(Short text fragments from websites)
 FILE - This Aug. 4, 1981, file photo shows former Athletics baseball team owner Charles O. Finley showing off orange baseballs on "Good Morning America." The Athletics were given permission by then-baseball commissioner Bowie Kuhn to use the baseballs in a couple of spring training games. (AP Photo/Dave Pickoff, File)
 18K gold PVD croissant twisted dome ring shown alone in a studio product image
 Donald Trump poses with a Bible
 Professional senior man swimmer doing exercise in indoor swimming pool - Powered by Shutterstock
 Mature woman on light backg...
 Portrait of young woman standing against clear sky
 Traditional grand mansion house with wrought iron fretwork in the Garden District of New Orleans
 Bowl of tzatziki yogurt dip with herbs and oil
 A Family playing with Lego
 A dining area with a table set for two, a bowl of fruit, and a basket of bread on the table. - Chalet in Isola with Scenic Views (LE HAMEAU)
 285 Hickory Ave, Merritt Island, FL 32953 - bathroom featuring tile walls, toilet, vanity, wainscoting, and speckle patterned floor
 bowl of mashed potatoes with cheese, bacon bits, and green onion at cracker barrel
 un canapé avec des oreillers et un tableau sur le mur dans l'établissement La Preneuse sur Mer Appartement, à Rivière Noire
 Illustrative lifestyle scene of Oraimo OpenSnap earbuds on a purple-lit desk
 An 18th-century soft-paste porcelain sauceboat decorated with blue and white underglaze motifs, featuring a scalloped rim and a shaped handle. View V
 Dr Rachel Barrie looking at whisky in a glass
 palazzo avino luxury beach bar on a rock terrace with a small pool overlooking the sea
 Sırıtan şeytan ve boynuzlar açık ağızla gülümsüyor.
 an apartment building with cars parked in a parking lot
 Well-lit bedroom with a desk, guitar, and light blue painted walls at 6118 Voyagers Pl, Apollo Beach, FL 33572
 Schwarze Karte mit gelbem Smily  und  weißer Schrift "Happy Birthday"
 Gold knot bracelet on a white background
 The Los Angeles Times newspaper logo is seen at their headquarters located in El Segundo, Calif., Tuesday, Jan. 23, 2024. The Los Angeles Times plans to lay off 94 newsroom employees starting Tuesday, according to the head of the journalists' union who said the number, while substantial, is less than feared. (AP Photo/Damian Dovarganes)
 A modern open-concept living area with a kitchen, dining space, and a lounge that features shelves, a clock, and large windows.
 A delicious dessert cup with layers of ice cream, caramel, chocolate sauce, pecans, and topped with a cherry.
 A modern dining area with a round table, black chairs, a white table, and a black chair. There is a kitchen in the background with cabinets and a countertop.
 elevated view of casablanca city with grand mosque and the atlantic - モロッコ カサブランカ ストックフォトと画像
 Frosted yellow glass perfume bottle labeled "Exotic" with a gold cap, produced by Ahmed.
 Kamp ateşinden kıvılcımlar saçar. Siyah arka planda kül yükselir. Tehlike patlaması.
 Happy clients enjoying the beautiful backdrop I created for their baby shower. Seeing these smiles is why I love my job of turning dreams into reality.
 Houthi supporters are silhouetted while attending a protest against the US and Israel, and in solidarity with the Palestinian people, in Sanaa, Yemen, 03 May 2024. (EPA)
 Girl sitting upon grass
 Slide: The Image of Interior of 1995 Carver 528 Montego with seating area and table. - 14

■ Directions for this task
Reproduce the entries above exactly, but only the lines between the line holding "Mature woman on light backg..." and the line holding "Illustrative lifestyle scene", inclusive.

■ Answer for this exercise
 Mature woman on light backg...
 Portrait of young woman standing against clear sky
 Traditional grand mansion house with wrought iron fretwork in the Garden District of New Orleans
 Bowl of tzatziki yogurt dip with herbs and oil
 A Family playing with Lego
 A dining area with a table set for two, a bowl of fruit, and a basket of bread on the table. - Chalet in Isola with Scenic Views (LE HAMEAU)
 285 Hickory Ave, Merritt Island, FL 32953 - bathroom featuring tile walls, toilet, vanity, wainscoting, and speckle patterned floor
 bowl of mashed potatoes with cheese, bacon bits, and green onion at cracker barrel
 un canapé avec des oreillers et un tableau sur le mur dans l'établissement La Preneuse sur Mer Appartement, à Rivière Noire
 Illustrative lifestyle scene of Oraimo OpenSnap earbuds on a purple-lit desk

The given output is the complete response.